November 26, 2008
A reader emailed me earlier today to ask what I think of Barack Obama's impact on the Second Amendment right to bear arms.
There are basically two dimensions to Obama's platform on Second Amendment issues: The legislature and the judiciary. In terms of federal legislation, McCain was nominally more libertarian than Obama on gun rights because he would have vetoed an assault weapons ban, where Obama probably will not veto such a bill if it crosses his desk.
But the judiciary issue is more interesting, and here the differences between the candidates are not necessarily significant. If we take it as a given that Justice John Paul Stevens, 89, is going to retire within the next four years, and he is replaced by a liberal justice, then this will not affect this year's landmark DC v. Heller Second Amendment case at all because Stevens dissented from the 5-4 majority anyway. The only way Obama can overturn DC v. Heller is by replacing one of the five justices in the majority, three of whom are 60 or younger and none of whom are over 75.
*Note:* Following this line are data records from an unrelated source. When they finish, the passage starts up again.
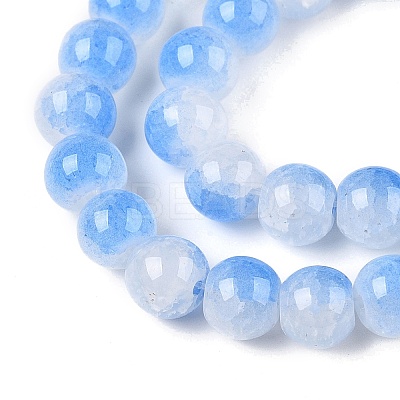 Crackle Baking Paint Imitation Jade Glass Beads Strands DGLA-T003-8mm-05-1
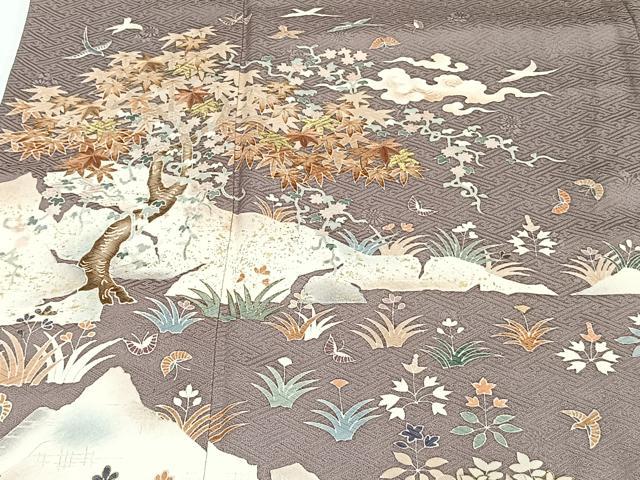 平和屋着物■豪華色留袖 刺繍 花蝶文 金彩 正絹 逸品 CABB2731xi
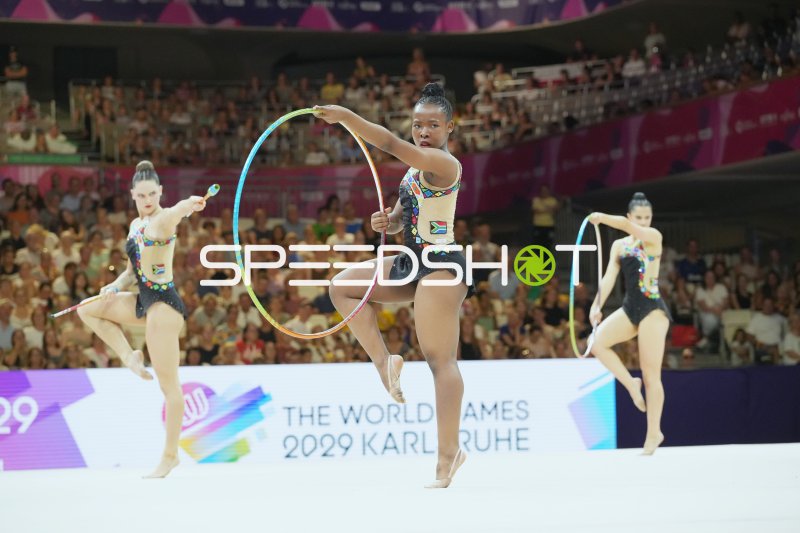 Südafrika-Gruppe bei Reifen-Übung bei den World Games 2029 Karlsruhe
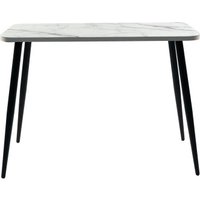 Кухонный стол ВВР Прямоугольный (стекло с ф/п мрамор белый/черный конус 100/60)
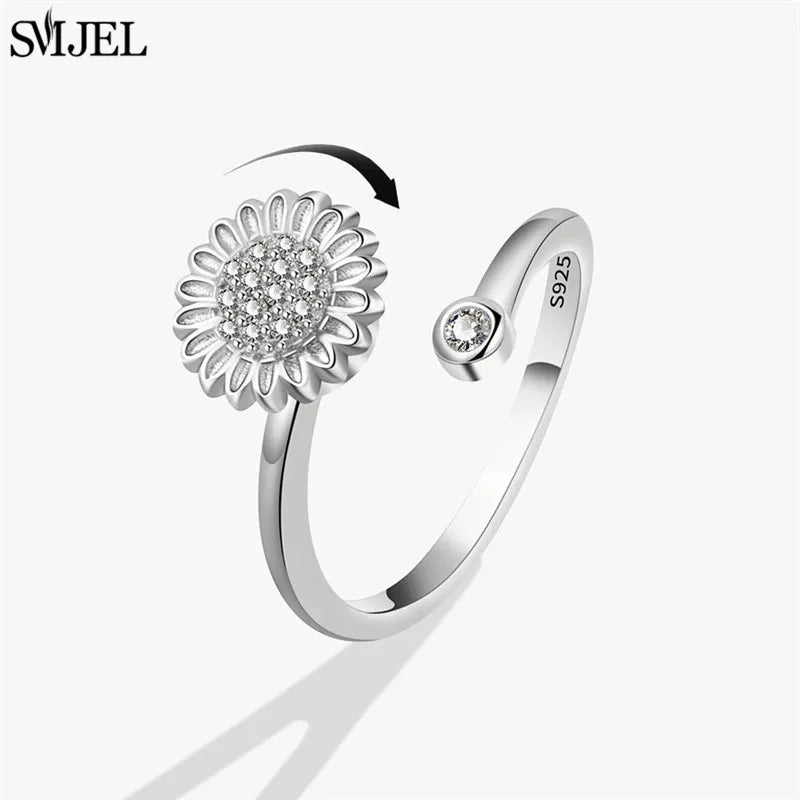 Korean Fashion Daisy Spinner Fidget Ring Multiple Style Sunflower Rose Snowflake Rotate Freely Anti Stress Anxiety Rings Wedding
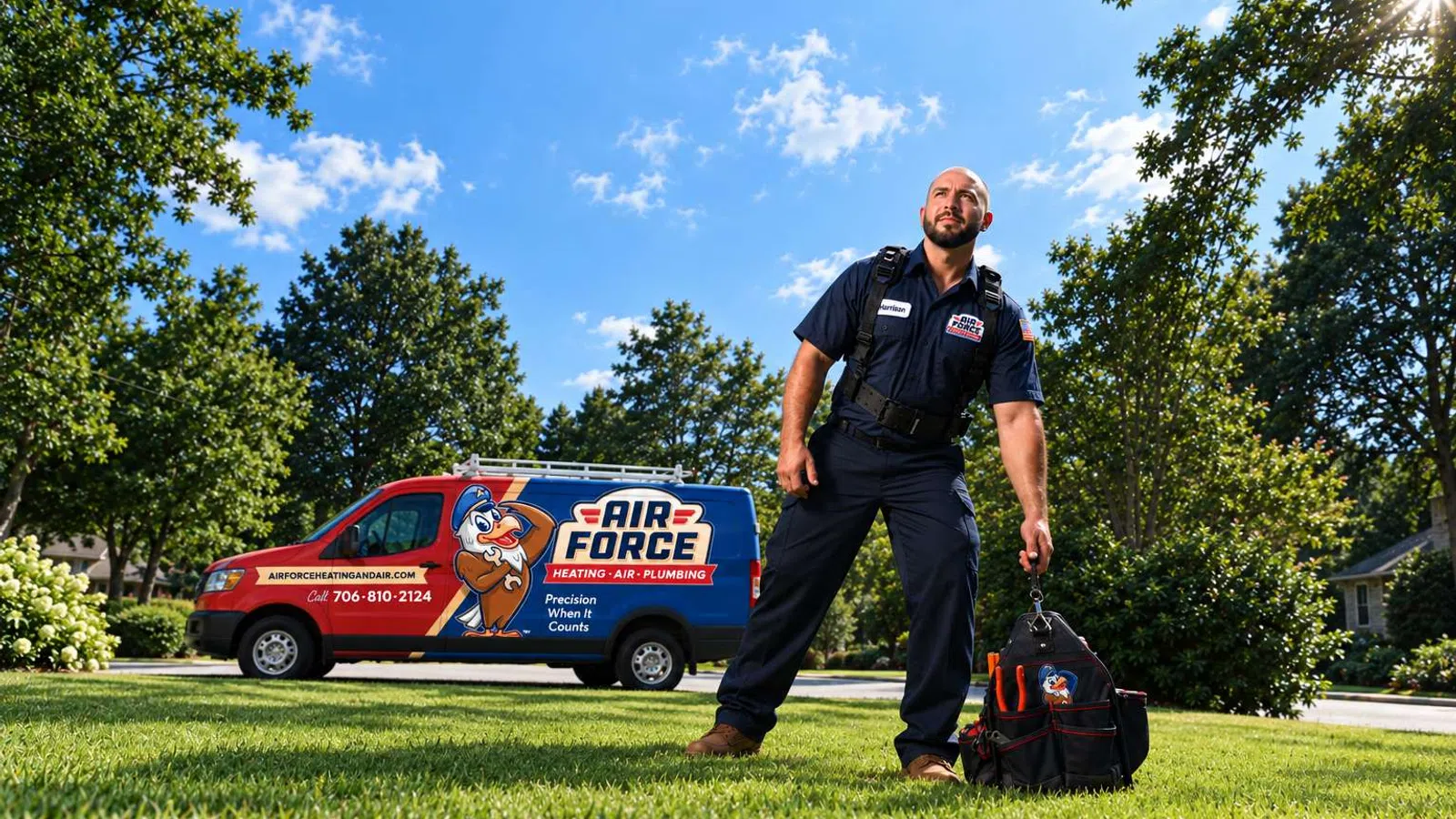 Air Force Heating, Air, Plumbing technician standing on grass with service van and tools on a sunny day.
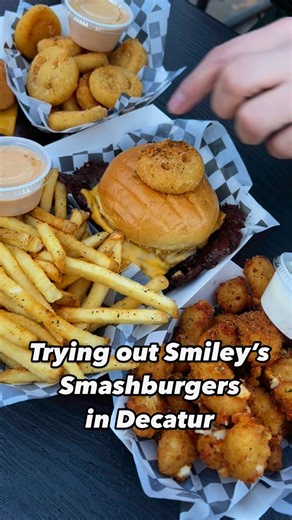 Atlanta Eats on Instagram: "#OJtheEditor and Trisha check out @smileysburgerclub in Decatur! Pick up, outside only no frills spot for epic smash burgers and smiley fries! Don’t skip out on the cheese curds! #atlantaeats #atlantafoodie #smashburger #atlfoodie #atlantarestaurants"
As I have noted before, however, gun rights is the one civil liberties issue where McCain did present a clear civil liberties advantage over Obama. My suggestion for gun rights activists is to focus on organizing on a statewide, citywide, or countywide basis to block gun control initiatives passed by state legislatures. Little can be done by Congress, but it's not terribly likely that Congress will do much more to restrict gun rights than what had already been done during the Clinton years, and any truly restrictive federal policies would almost certainly run afoul of the Heller precedent.